-- Stored data --
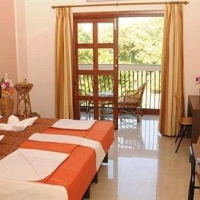 Отель The PentaCon Resort в городе Канакона, Индия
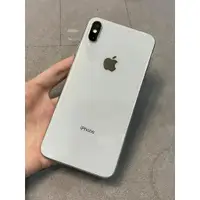 在飛比找蝦皮購物優惠-iPhone XS Max 二手機【高雄iPhone XS 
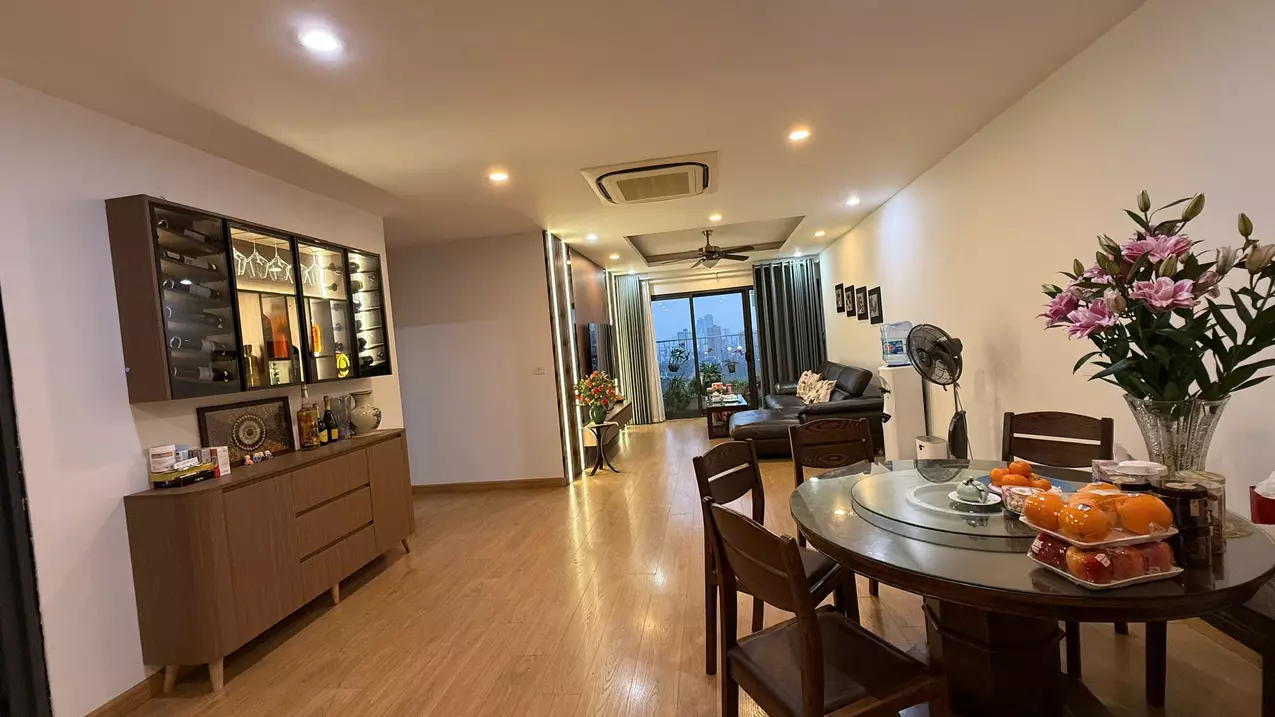 CHUNG CƯ NGOẠI GIAO ĐOÀN KHU VỰC ĐÁNG SỐNG GIỮA THỦ ĐÔ-anh-3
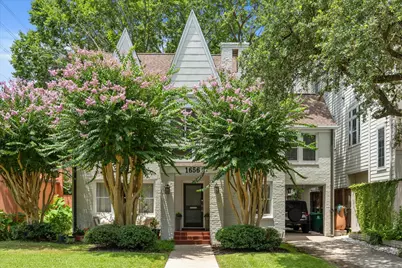 1656 Norfolk Street, Houston, TX 77006 - Photo 2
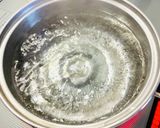サラダチキン風〜？大人な？鶏ハムぅー♡作り方14写真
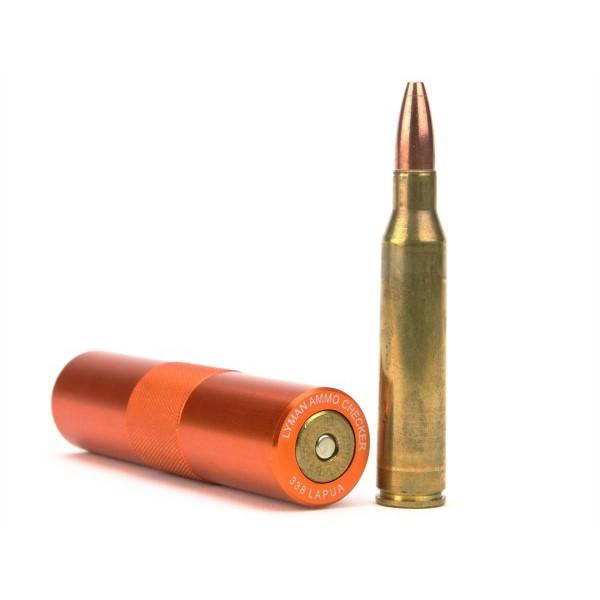 Lyman Ammo Checker Single Caliber .338 Lapua Mag - Precision Shot Firearms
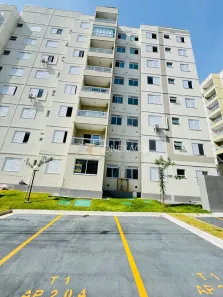 Apartamento com 2 Quartos à venda, 48m² no Jardim Nova Europa, Campinas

-- Action item --
In the records above, find the line that contains "サラダチキン風〜？大人な？鶏ハムぅー♡作り方14写真", then write it out along with every line after it, exactly, through the last one. Leave the pictures out.

-- Answer to the problem --
サラダチキン風〜？大人な？鶏ハムぅー♡作り方14写真
 Lyman Ammo Checker Single Caliber .338 Lapua Mag - Precision Shot Firearms
 Apartamento com 2 Quartos à venda, 48m² no Jardim Nova Europa, Campinas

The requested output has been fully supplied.